Start of Excerpted data

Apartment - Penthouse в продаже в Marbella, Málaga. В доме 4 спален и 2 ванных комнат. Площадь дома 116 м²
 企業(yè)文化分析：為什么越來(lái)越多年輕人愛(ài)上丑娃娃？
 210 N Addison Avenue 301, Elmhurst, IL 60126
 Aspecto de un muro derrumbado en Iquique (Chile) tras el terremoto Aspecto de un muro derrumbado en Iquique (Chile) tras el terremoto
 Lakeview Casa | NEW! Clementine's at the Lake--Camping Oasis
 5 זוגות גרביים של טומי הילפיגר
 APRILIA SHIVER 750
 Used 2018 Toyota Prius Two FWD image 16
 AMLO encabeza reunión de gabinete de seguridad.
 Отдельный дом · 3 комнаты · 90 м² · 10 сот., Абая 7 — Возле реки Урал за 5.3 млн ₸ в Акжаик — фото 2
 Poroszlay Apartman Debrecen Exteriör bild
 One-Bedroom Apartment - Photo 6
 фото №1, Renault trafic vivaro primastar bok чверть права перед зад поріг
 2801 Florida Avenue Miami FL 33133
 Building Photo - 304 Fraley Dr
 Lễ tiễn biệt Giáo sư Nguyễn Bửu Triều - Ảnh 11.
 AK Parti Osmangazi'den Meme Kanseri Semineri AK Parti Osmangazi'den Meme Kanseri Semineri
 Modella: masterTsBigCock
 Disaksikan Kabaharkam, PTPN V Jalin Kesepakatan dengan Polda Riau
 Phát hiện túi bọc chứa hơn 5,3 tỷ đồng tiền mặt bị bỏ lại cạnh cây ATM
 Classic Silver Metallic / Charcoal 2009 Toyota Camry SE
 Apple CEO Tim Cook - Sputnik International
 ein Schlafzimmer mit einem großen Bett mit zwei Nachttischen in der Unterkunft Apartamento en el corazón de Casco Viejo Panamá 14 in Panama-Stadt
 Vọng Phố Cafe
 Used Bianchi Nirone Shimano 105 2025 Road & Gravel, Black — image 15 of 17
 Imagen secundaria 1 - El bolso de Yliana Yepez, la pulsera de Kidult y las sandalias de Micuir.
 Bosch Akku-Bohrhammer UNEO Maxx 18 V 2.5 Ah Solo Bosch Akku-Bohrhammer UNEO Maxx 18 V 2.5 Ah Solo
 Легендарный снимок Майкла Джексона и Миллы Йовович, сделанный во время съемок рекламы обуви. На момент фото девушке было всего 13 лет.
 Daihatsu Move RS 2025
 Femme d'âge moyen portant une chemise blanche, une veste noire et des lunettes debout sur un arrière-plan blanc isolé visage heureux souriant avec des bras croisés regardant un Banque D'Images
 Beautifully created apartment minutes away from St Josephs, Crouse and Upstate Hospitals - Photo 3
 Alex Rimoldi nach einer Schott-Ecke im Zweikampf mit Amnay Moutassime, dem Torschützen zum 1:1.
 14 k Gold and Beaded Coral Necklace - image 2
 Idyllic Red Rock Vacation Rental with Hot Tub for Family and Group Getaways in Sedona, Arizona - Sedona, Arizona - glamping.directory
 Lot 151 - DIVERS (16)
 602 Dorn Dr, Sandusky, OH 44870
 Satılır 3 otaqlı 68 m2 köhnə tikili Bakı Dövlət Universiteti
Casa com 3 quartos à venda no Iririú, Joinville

End of Excerpted data

**Task statement:**
Beginning at the top of the entries above, output each line exactly, and end with the line in which "Lakeview Casa |" appears.

**Answer space:**
Apartment - Penthouse в продаже в Marbella, Málaga. В доме 4 спален и 2 ванных комнат. Площадь дома 116 м²
 企業(yè)文化分析：為什么越來(lái)越多年輕人愛(ài)上丑娃娃？
 210 N Addison Avenue 301, Elmhurst, IL 60126
 Aspecto de un muro derrumbado en Iquique (Chile) tras el terremoto Aspecto de un muro derrumbado en Iquique (Chile) tras el terremoto
 Lakeview Casa | NEW! Clementine's at the Lake--Camping Oasis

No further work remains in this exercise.